Saturday, 8 September 2012

La Route du Vin d' Alsace - Haut Rhin

After a drive through mountainous villages and finally a piece of tarte flambée, our destination for the day was reached: Ribeauvillé.

_day 3

Ribeauvillé, or the home of Trimbach wine! Short break at the hotel and off to the wine tasting! I bought one bottle  Riesling « Cuvée Frédéric Emile » and Gewurztraminer « Cuvee des Seigneurs de Ribeaupierre » which are waiting now for a nice gathering with friends to be sampled.

Ribeauvillé and the house of Trimbach
But the house of Trimbach was not our last destination in this pretty village. On the other end of town M. Windholtz has his distillery and makes delicious fruit liqueurs. After a nice chat with the owner and some glasses of liqueur, we had to carry our treasures back to the hotel in 35°C... But I can highly recommend the liqueur de Myrtille. 

quartier pittoresque
the destiller's old equipment

_day 4

Before we set off to Colmar, we went once again back to the mountains to have a look at Château Haut Koenigsbourg.

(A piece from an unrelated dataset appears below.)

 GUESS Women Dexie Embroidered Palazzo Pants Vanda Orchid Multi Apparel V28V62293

One can see it already from the road on top of the highest visible mountain and the view is once again amazing. 

Chatêau Haut-Koeningsbourg
and the view to the valley

Ribeauvillé, Riquewihr & Hunawihr are the three grand cru villages and definitely worth a stop for their high quality wines though along the Route du Vin, I also recommended to give less famous villages and wines a chance, because with an open eye and mind, one can find positive surprises on every corner.

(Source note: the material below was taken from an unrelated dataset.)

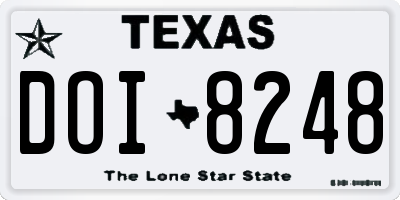 TX license plate DOI8248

I have chosen our hotels always in smaller villages, so our last night in Alsace we spent in Turkheim, close to Colmar. The village is nicely situated and it's quite famous for its tradition of the night guard. We basically bumped into the singing crowd and followed them for a couple of blocks to see what it is all about and to explore our surrounding. Alsatian dialect is a mixture of German and French, though I think it's easier for me to understand than for the French, because the words are still so similar.

But back to Colmar, we explored this lively city in the afternoon and found a real nice restaurant:
La Petite Venise (4, rue Poissonnerie) 
as aperetif we had the Muscat Heyberger-Salch
followed by foie gras and escargots as a starter
 as a main course we had Poêlade au Munster and Tourte au Riesling
and as a dessert the Moelleux au Chocolat served with raspberry sorbet

It was so delicious!

Also very nice was the market hall with local cheeses, fruits and vegetables, meat and spices.

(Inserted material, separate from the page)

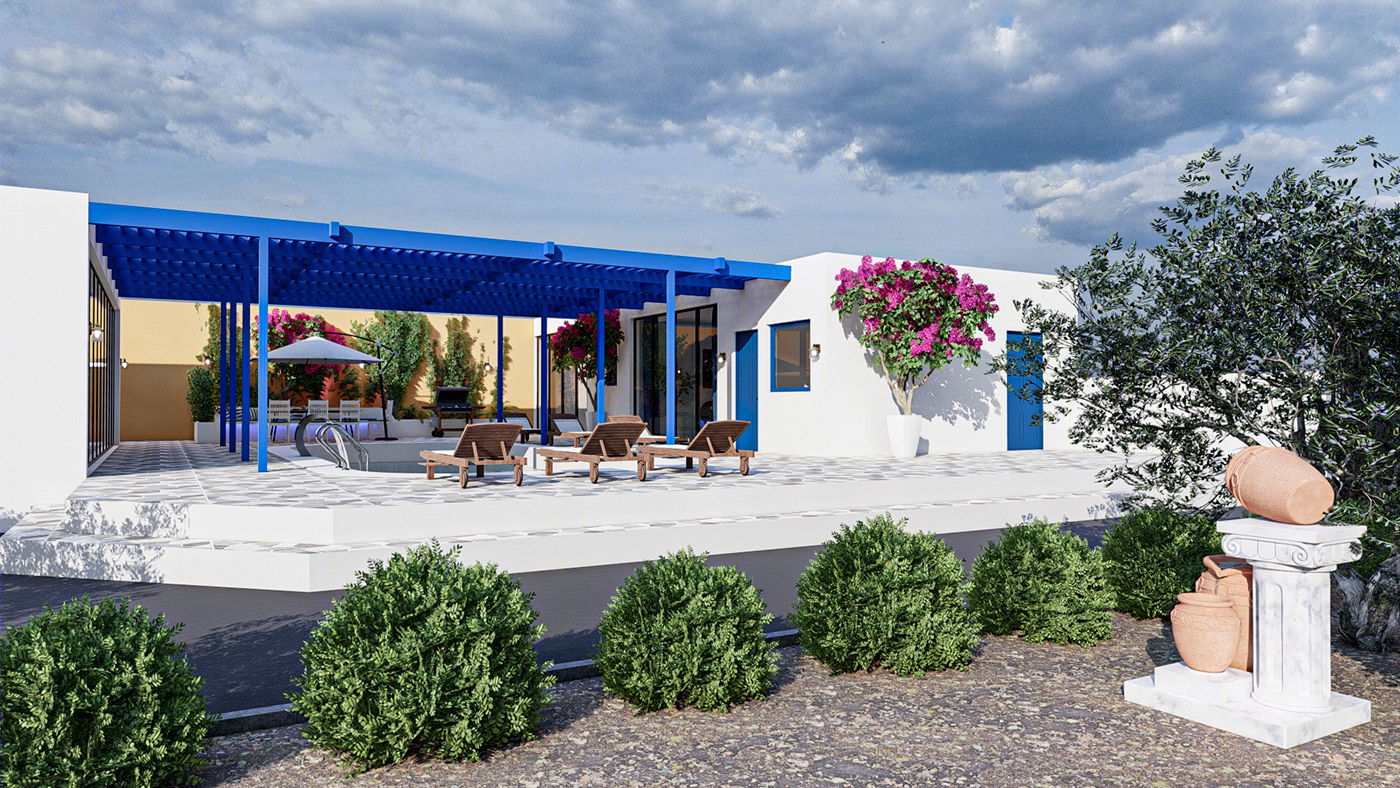 Anastasiya Gushchina丨庭院丨Vacation Villa (Santorini Style)-2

Another cute little village nearby with a nice restaurant is in Niedermorschwihr the
Le Caveau Morakopf (7, rue des Trois-Epis)
We got already seduced just by the smells of the kitchen.

_day 5

Our last trip through Alsace brought us from Eguisheim to Thann. I felt a bit pity leaving this beautiful landscape and little villages behind, but the next destination was Lorraine and we were curious to explore more.

Thann was a bit strange at the beginning as it doesn't share the typical architecture of the alsatian villages but it is also charming. So after our last alsatian lunch, our journey on the Route du Vin from Marlenheim to Thann was officially over, but behind the Vosges Mointains was more to explore.